Ultimately for all the distractions and whatabouttery and brown nosing of the royal arslikhan of MN my point is correct. The monarch is a position which no one in the UK can aspire to unless they are the first born child of the reigning monarch. So by definition they are not "just like us". Nor is their family.

I guess it all depends on how ambitious you are for your children. But it's never sat well with me to have to say to a child "stop ever imagining you can be king or queen no matter how well you do or work.". That offends me so much more than any silly bantz Prince Philip may have engaged in.

Ah, I see. Well, aside from the acceptance that these unremarkable people are in any way 'above' anyone, I agree completely with your other points.

CremeCarmel · 06/01/2026 16:59

Many of the people who are defending Prince Philip make me laugh. He probably wouldn't spit on most of them if they were on fire. Do you really think he gave a toss about what any of us think of him, or that he needs you to defend him? He probably looked down on the whole lot of us (and if he was the man you say he was he probably had more respect for people who would take him to task than all the brown nosers). Hahahaha!

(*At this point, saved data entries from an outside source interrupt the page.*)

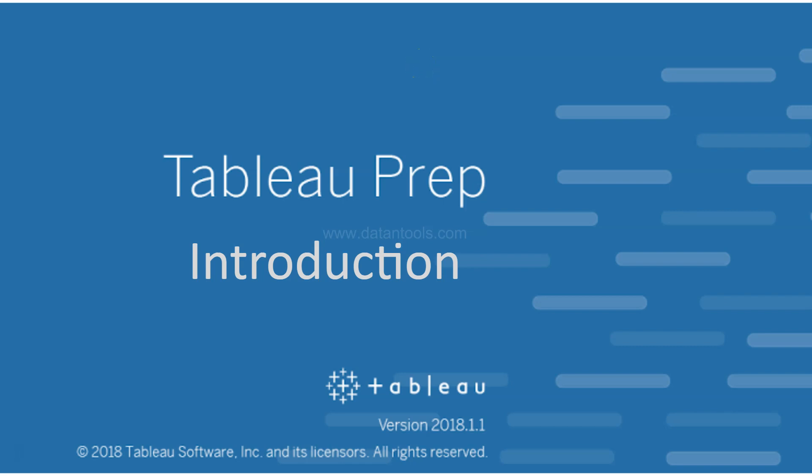Hello and welcome to this new tutorial series on Tableau Prep. This is a Tableau Prep introduction where we will look at how you can download and install Tableau, and then go through its interface at a very high level.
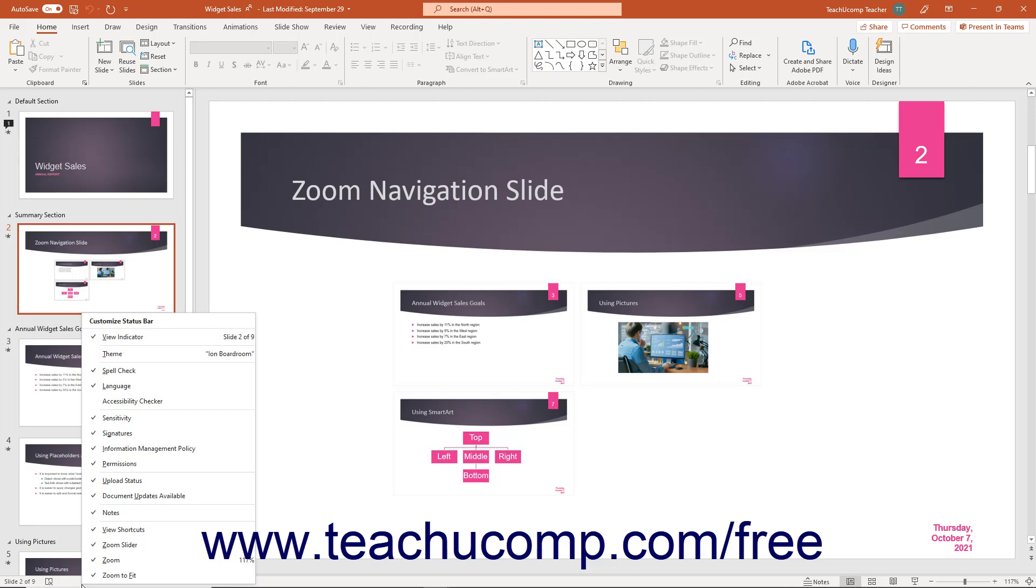You can click the name of any object in this list to toggle its display in the status bar on or off as desired.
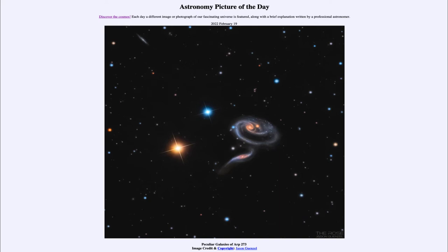So one galaxy pulls on the other and spiral arms get distorted and twisted from what we might ordinarily expect when we look at a traditional galaxy. Now, galaxies do interact all the time, and as they do, they do not collide in the traditional sense — they essentially pass through each other.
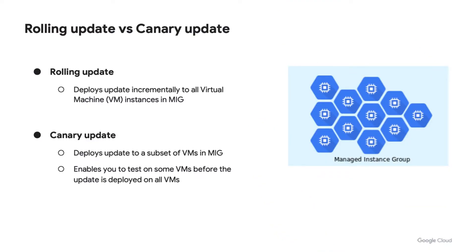Google Compute Engine enables you to deploy updates to virtual machine instances in managed instance groups using two different methods. One, rolling update incrementally deploys updates to all the VMs of the MIG. Two, canary deployment deploys updates to a subset of VMs in the MIG.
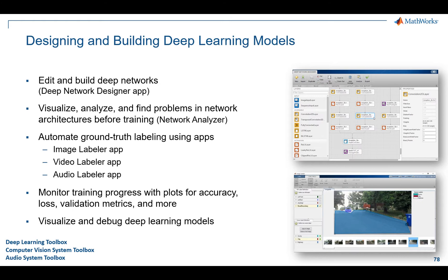In terms of labeling data — that's everybody's favorite thing, not really — that can be a very painful part of any workflow. We have three different apps to help: Image, Video, and Audio Labeler. Depending on the nature of your data, these apps help speed up and automate a lot of the labeling required for deep learning. To be clear, these labeling apps are not completely automatic — you do need a person in the loop — but they can greatly reduce the amount of time it takes to do this work.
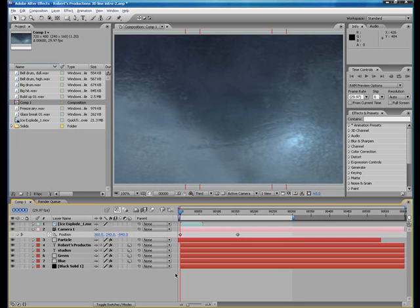Welcome to another Roberts Production Studios tutorial. Today I'm going to show you how to add sound in your Adobe After Effects CS3 project. The first thing you want to do is add sound to your project file.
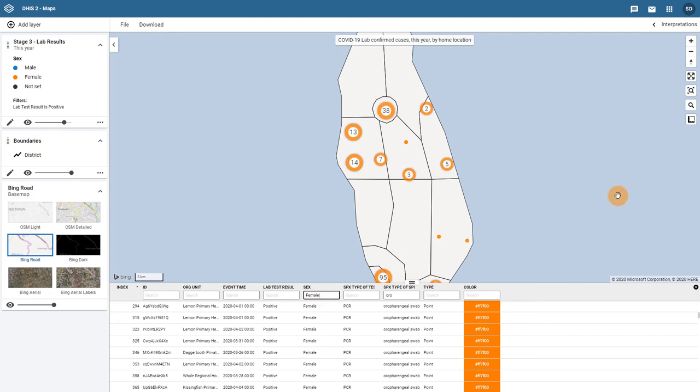Now we only see lab positive cases that used an oropharyngeal swab and were female in both the data table as well as the map itself.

ginasevern · 06/01/2026 17:01

lizzyBennet08 · 06/01/2026 16:51

Mmm. My elderly dad left school very early to join the family farm and can often say things or use expressions that wouldn't be used today. He is nearly 90 now and in poor health and I don't feel it's a good use of my time or fair to him to constantly correct him on the correct terms for things. He absolutely was a product of his time. In my opinion it's not fair to judge him by the standards of the today and I know him to be a good dad, friend ans neighbour even of he could be more political correct .

My father would be 110 years old if alive today. He would never denegrate anyone because of their race or humiliate someone for laughs. He was from a working class background, but was a natural born gentleman. He loathed Prince Phillip and the concept of a Royal Family. My mother would be 106 if still alive and she held the same values. Not everyone was a "product of their time". Besides, your Dad's job wasn't meeting members of the general public as consort to the Head of State. He wasn't being funded by the tax payer to give awards to people who had worked tirelessly for charity or other remarkable achievements. If he had been, I doubt that he'd go out of his way to make them look stupid simply because he was superior in status to them.

SerendipityJane · 06/01/2026 17:02

SerafinasGoose · 06/01/2026 16:57

Ah, I see. Well, aside from the acceptance that these unremarkable people are in any way 'above' anyone, I agree completely with your other points.

It doesn't matter one jot what you accept. It's the way it is.

That's rather what grates for some people.